My six-year-old daughter has an old friend—in as much as first graders can have old friends—who is a boy who used to live in Brooklyn but moved west. He visited again recently, and after a long absence, they fell to discussing something that has suddenly become important to them: money.
"I have $75," said the boy, a statement that his mother later verified as true.
"Oh, that's funny. I have $68," said my daughter, a statement that was categorically false. Even after Santa delivered that bag of real gold she asked for (ten Sacagawea dollar coins in a little satchel, as it turned out), she still doesn't have more than $25 to her name. But the old friends just turned to each other and laughed. "We have SO much money," they said one after the other.
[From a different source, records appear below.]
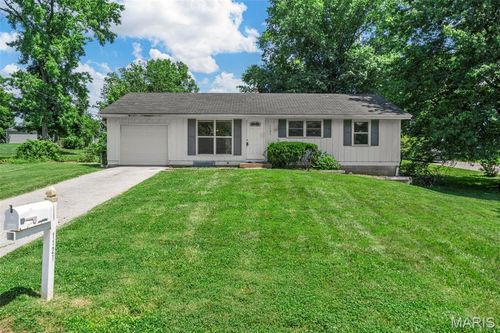 1121 Dauphine Ln, Manchester, MO, 63011-4117 | Card Image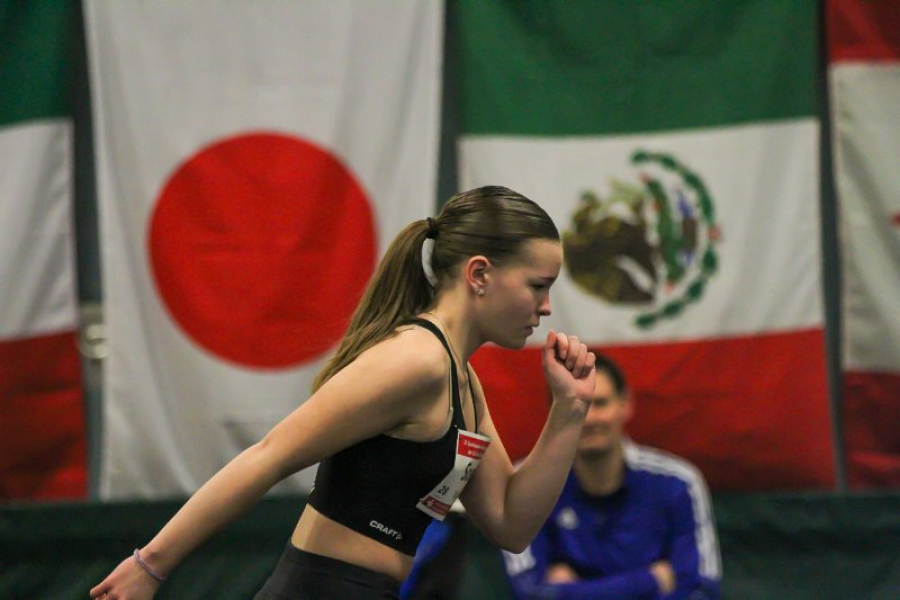 Marlene Soer (W15) kam mit 1,52 Meter um zwei Zentimeter an ihre pers&ouml;nliche Bestleistung ran und sicherte sich Platz 3. Aufgrund eines Trainingsr&uuml;ckstands geht sie in der Hallensaison nur im Hochsprung an den Start. Foto: Reinhard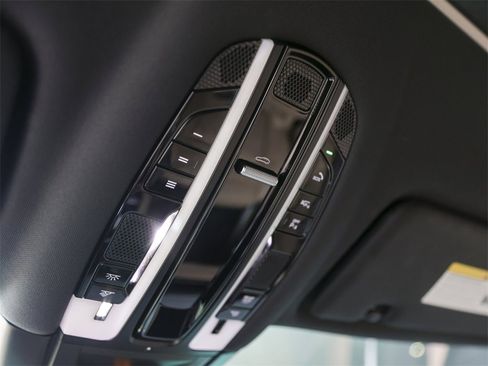 Certified 2023 Porsche Cayenne Coupe image 29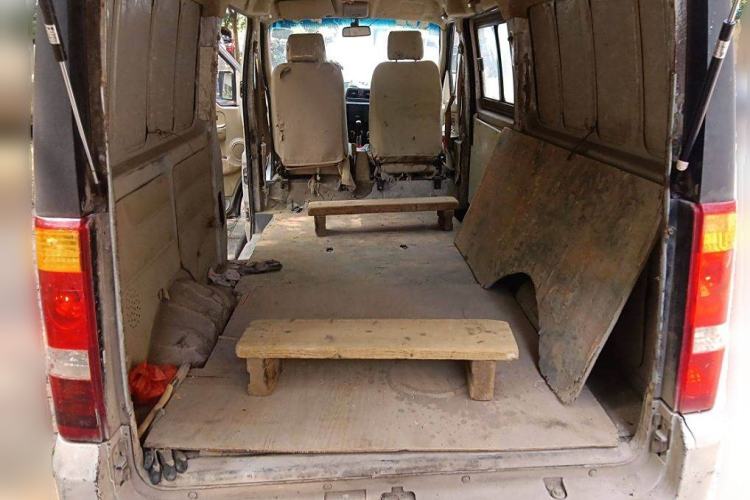 Used Dongfeng Xiaokang C35 2013 1.4L Base Van DK13-06 Trunk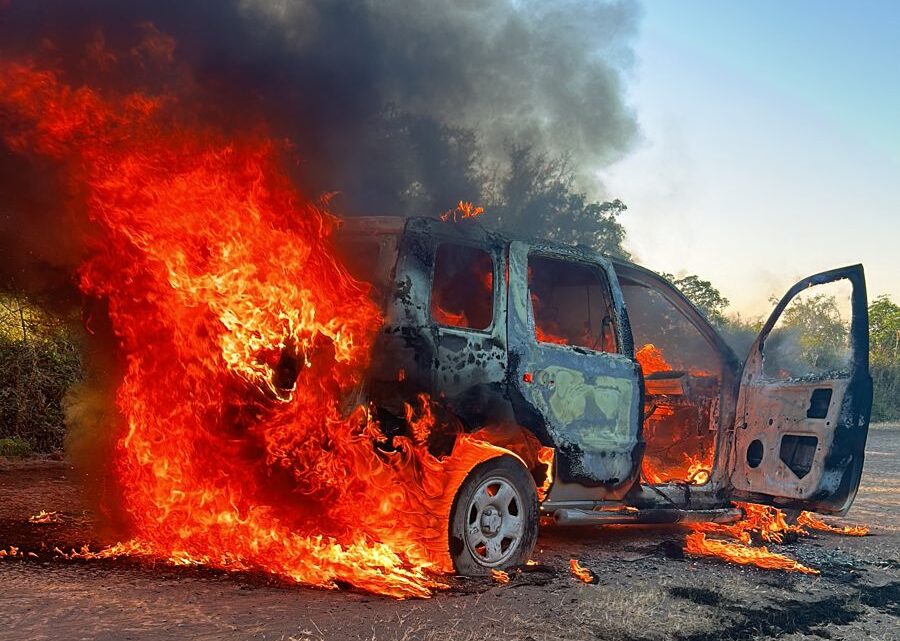 Brinkmann: se incendió un vehículo con daños totales Brinkmann: se incendió un vehículo con daños totales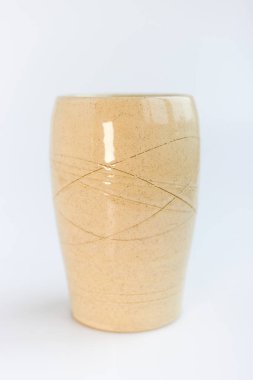 Beyaz arka planda bej vazo. Minimalizm tarzı. iç dekorasyon.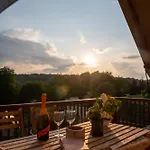 Luxe tent Forrest Glamping *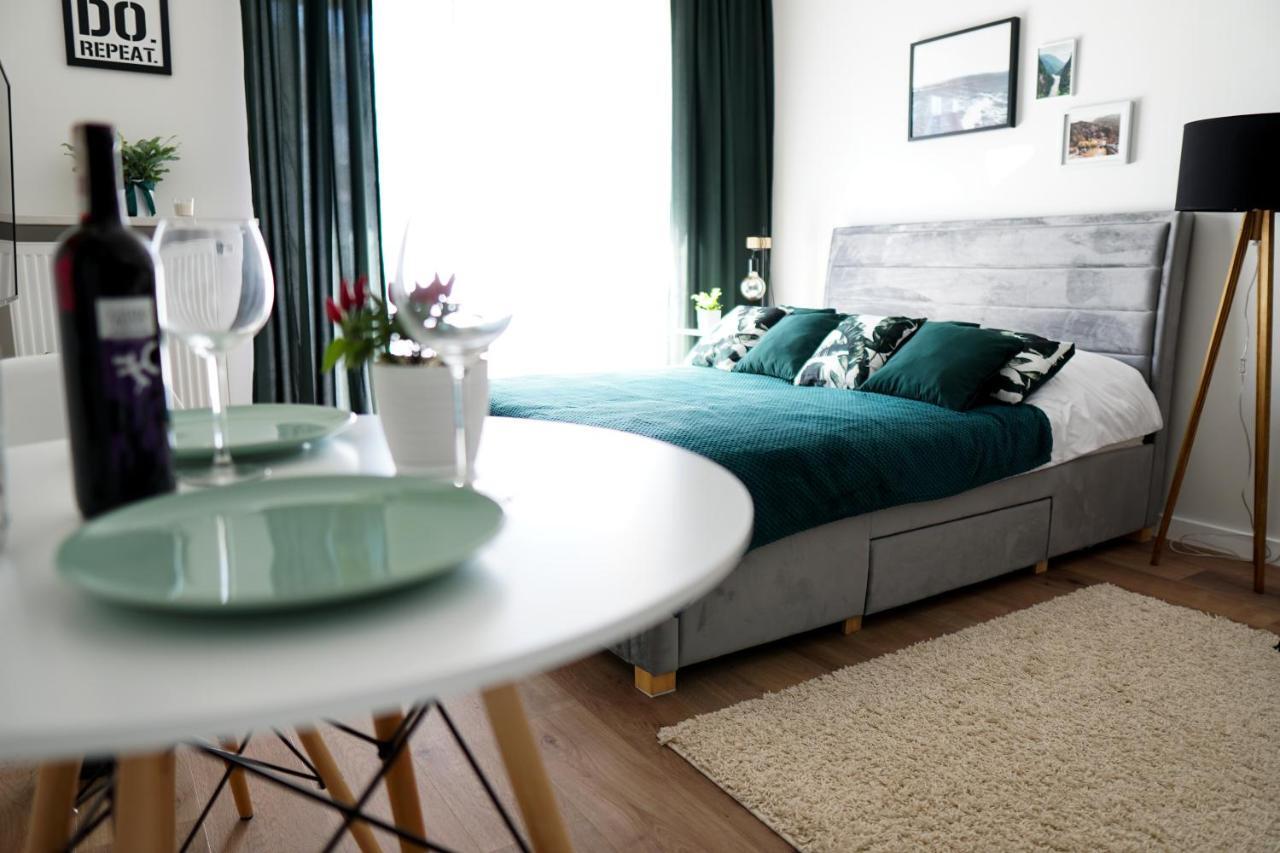 Vizzit Us Premium Apartments Warsaw Luaran gambar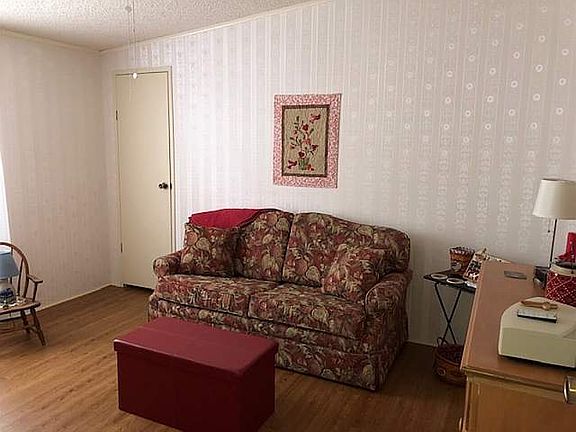 4th image of 28 Lattice Dr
The last time they saw each other, they really didn't feel this way about money. Yes, she's had a half-full piggy bank on her nightstand for years, but this thing of talking a lot about money, and this magical thinking (read: lying) about how much money she has is new. Watching them made me think that salary bragging might be an actual developmental step. Kids are often braggarts, which seems—if I can indulge in some armchair psychiatry—like a useful shield for them as they start to look around and see just how little they are capable of in the adult world.
The leap from piggy-bank fibbing to salary-bragging is a natural one. At an older age, it is still the defense of the braggart, particularly of men who are ever-aware that they have less and earn less and are less than others on this earth. But I'll say this about salary bragging and six-year-olds: as with so many social and cognitive milestones, young girls are simply a little more advanced than the boys.